Both the brick() and shapefile() functions are provided by the raster package. As shown above, they create objects of the class RasterBrick and SpatialPolygonsDataFrame respectively. The L8 raster provides 7 bands, and our example shapefile 72 features, i.e., polygons. You can check whether the projections of the two datasets are identical or not by executing compareCRS(shp, img). If this is not the case (output equals FALSE), the raster package will automatically re-project your data on the fly later on. However, we recommend to adjust the projections manually in advance to prevent any future inaccuracies.
Plot your data to make sure everything is imported properly (check Visualize in R for an intro to plotting). With the argument add = TRUE in line 2 several data layers can be displayed one above the other:

plotRGB(img, r = 4, g = 3, b = 2, stretch = "lin")
plot(shp, col="red", add=TRUE)

If you followed this course in the previous section, your shapefile should provide an attribute called “classes”, which includes your target classes as strings, e.g., “water” or “urban”. We will later turn this column into the factor data type because classifiers can only work with integer values instead of words like “water” or “urban”. When converting to factors, strings are sorted alphabetically and numbered consecutively. In order to be able to read the classification image at the end, you should make a note of your classification key:

levels(as.factor(shp$classes))
## [1] "baresoil"  "forest"    "grassland" "urban_hd"  "urban_ld"  "water"

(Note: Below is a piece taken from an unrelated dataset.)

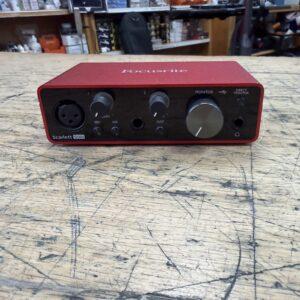 Used Focusrite Scarlett Solo 3rd Gen USB Audio Interface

for (i in 1:length(unique(shp$classes))) {cat(paste0(i, " ", levels(as.factor(shp$classes))[i]), sep="\n")}
## 1 baresoil
## 2 forest
## 3 grassland
## 4 urban_hd
## 5 urban_ld
## 6 water

The levels() function combines all occurrences in a factor-formatted vector. In the example shown above, value 1 in our classification image will correspond to the baresoil class, value 2 to forest, value 3 to grassland, etc.
Optional: Let us take a look at the naming of the raster bands via the names() function. Those names can be quite bulky and cause problems in some illustrations when used as axis labels. You can easily rename it to something more concise by overriding the names with any string vector of the same length:

names(img)
## [1] "LC081930232017060201T1.SC20180613160412_subset.1"
## [2] "LC081930232017060201T1.SC20180613160412_subset.2"
## [3] "LC081930232017060201T1.SC20180613160412_subset.3"
## [4] "LC081930232017060201T1.SC20180613160412_subset.4"
## [5] "LC081930232017060201T1.SC20180613160412_subset.5"
## [6] "LC081930232017060201T1.SC20180613160412_subset.6"
## [7] "LC081930232017060201T1.SC20180613160412_subset.7"

names(img) <- c("b1", "b2", "b3", "b4", "b5", "b6", "b7")

names(img)
## [1] "b1" "b2" "b3" "b4" "b5" "b6" "b7"

Appropriate names for the input features are very helpful for orientation and readability. Of course you need to change the vector in line 10 according to your own input features.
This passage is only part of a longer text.